Calculating Fitnesses from TSV files

Question

Calculating Fitnesses from TSV files

Closed this issue 5 years ago · 1 comments

I have successfully run Enrich2 on some of my sequencing data, but I want to add a few filters/normalizations to the counting step. I was hoping to provide Enrich2 with a set of TSV files for input counts and use those to calculate fitnesses.

As a base case, I tried using the TSV files that are output when I let Enrich2 count from the fastq reads (just to check syntax, etc.). It seems to recognize the data, but I get the following error message.

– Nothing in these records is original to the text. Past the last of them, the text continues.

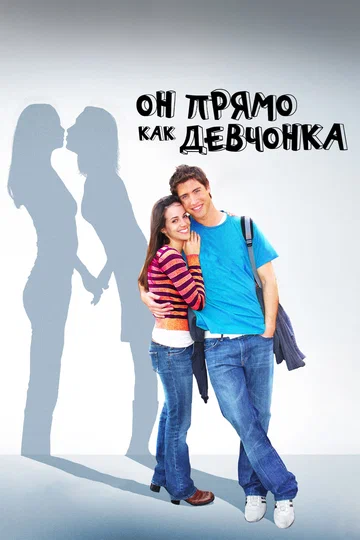 Постер: Он прямо как девчонка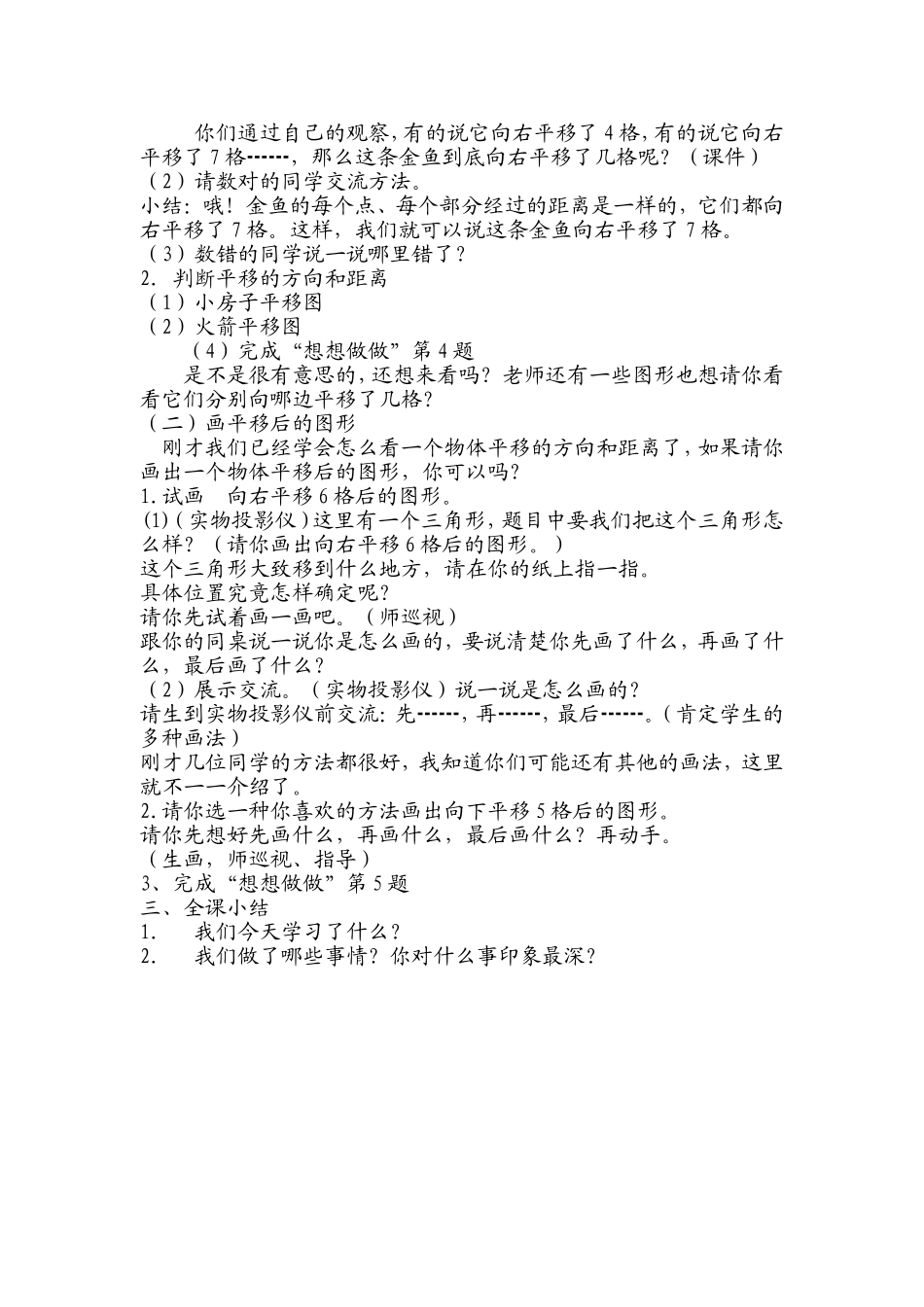 《平移和旋转》教学设计_第2页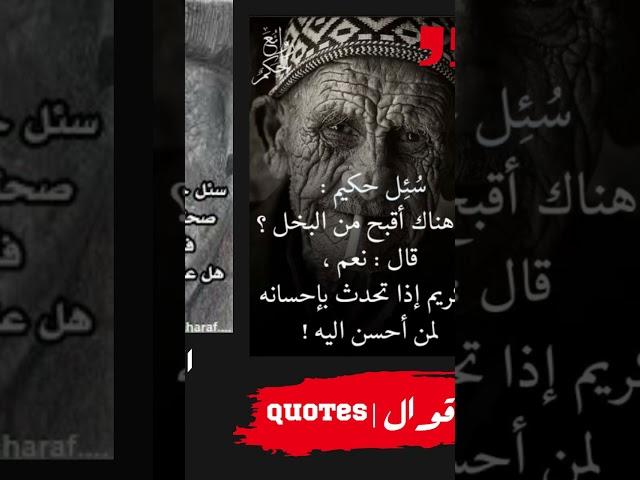 من اقوال وحكم رجل عجوز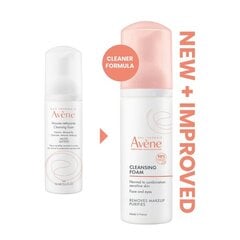 Puhastav näovaht Avene Mattifying Cleansing, 150 ml hind ja info | Näopuhastusvahendid | hansapost.ee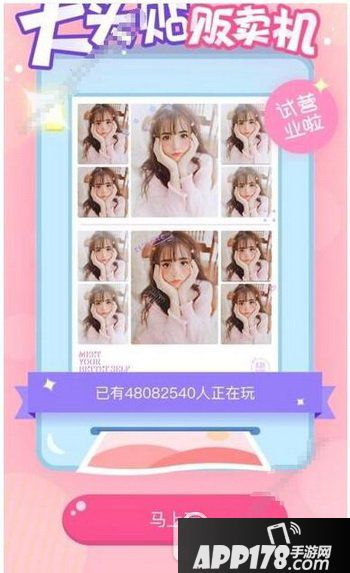 美颜相机怎么用爱哭鬼效果 美颜相机爱哭鬼怎么弄图文教程1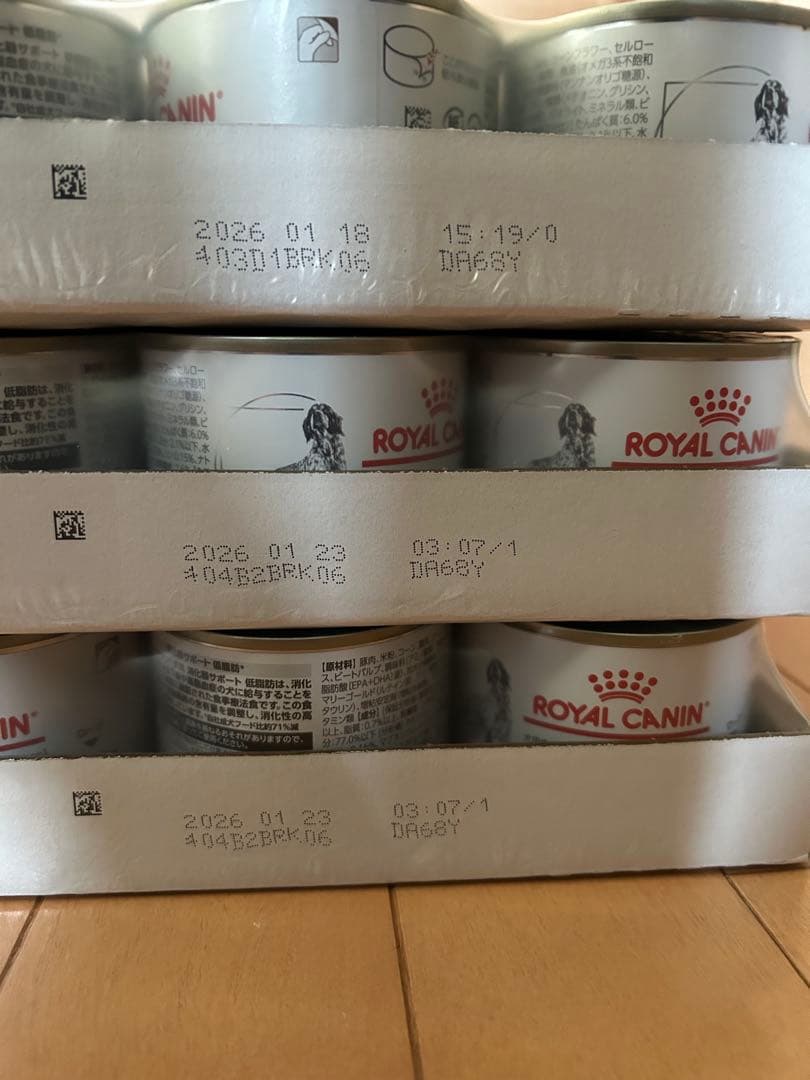 ぴこ　ロイヤルカナン　消化器サポート低脂肪ウェット缶　犬用　39缶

2019-02-20 19:51:12,661 [Test] Creating new HDF5 data store "~/[directory]/Test_exp.h5"
2019-02-20 19:51:12,663 [Test] No existing calculated values in file
2019-02-20 19:51:12,663 [SL1SL2_1] Creating new HDF5 data store "~/[directory]/SL1SL2_1_sel.h5"
2019-02-20 19:51:12,664 [SL1SL2_1] No existing calculated values in file
2019-02-20 19:51:12,665 [r1_t0] Creating new HDF5 data store "~/[directory]/r1_t0_lib.h5"
2019-02-20 19:51:12,666 [r1_t0] No existing calculated values in file
2019-02-20 19:51:12,666 [r1_t2] Creating new HDF5 data store "~/[directory]/r1_t2_lib.h5"
2019-02-20 19:51:12,668 [r1_t2] No existing calculated values in file
2019-02-20 19:51:12,668 [r1_t4] Creating new HDF5 data store "~/[directory]/r1_t4_lib.h5"
2019-02-20 19:51:12,669 [r1_t4] No existing calculated values in file
2019-02-20 19:51:12,669 [r1_t6] Creating new HDF5 data store "~/[directory]/r1_t6_lib.h5"
2019-02-20 19:51:12,671 [r1_t6] No existing calculated values in file
2019-02-20 19:51:12,671 [r1_t8] Creating new HDF5 data store "~/[directory]/r1_t8_lib.h5"
2019-02-20 19:51:12,672 [r1_t8] No existing calculated values in file
2019-02-20 19:51:12,673 [r1_t12] Creating new HDF5 data store "~/[directory]/r1_t12_lib.h5"
2019-02-20 19:51:12,675 [r1_t12] No existing calculated values in file
2019-02-20 19:51:12,675 [r1_t16] Creating new HDF5 data store "~/[directory]/r1_t16_lib.h5"
2019-02-20 19:51:12,676 [r1_t16] No existing calculated values in file
2019-02-20 19:51:12,677 [r1_t18] Creating new HDF5 data store "~/[directory]/r1_t18_lib.h5"
2019-02-20 19:51:12,678 [r1_t18] No existing calculated values in file
2019-02-20 19:51:12,680 [SL1SL2_1] Counting for each time point (variants)
2019-02-20 19:51:15,221 [r1_t0] Converting raw variants counts to main counts
2019-02-20 19:51:16,893 [r1_t0] Counted 1319436 variants (219842 unique) after query
2019-02-20 19:51:16,895 [r1_t0] Counting synonymous variants
2019-02-20 19:51:34,243 [r1_t0] Counted 1319436 synonymous (153176 unique)
2019-02-20 19:51:35,192 [r1_t2] Converting raw variants counts to main counts
2019-02-20 19:51:35,803 [r1_t2] Counted 934148 variants (111982 unique) after query
2019-02-20 19:51:35,805 [r1_t2] Counting synonymous variants
2019-02-20 19:51:35,829 [Test] Invalid coding variant string.

Any idea what format I should use? Would the following work (where I use the actual sequence that is coding sequence in the seqlib input + the mutation)?

     Count
_wt    ##
_sy    ##
[nucleotide sequence 1]    ##
[nucleotide sequence 2]    ##
[nucleotide sequence 3]    ##
...

Answer 1 · 2019-02-21T04:22:30.000Z

I fixed the problem by changing the Seqlib type from basic to identifier only.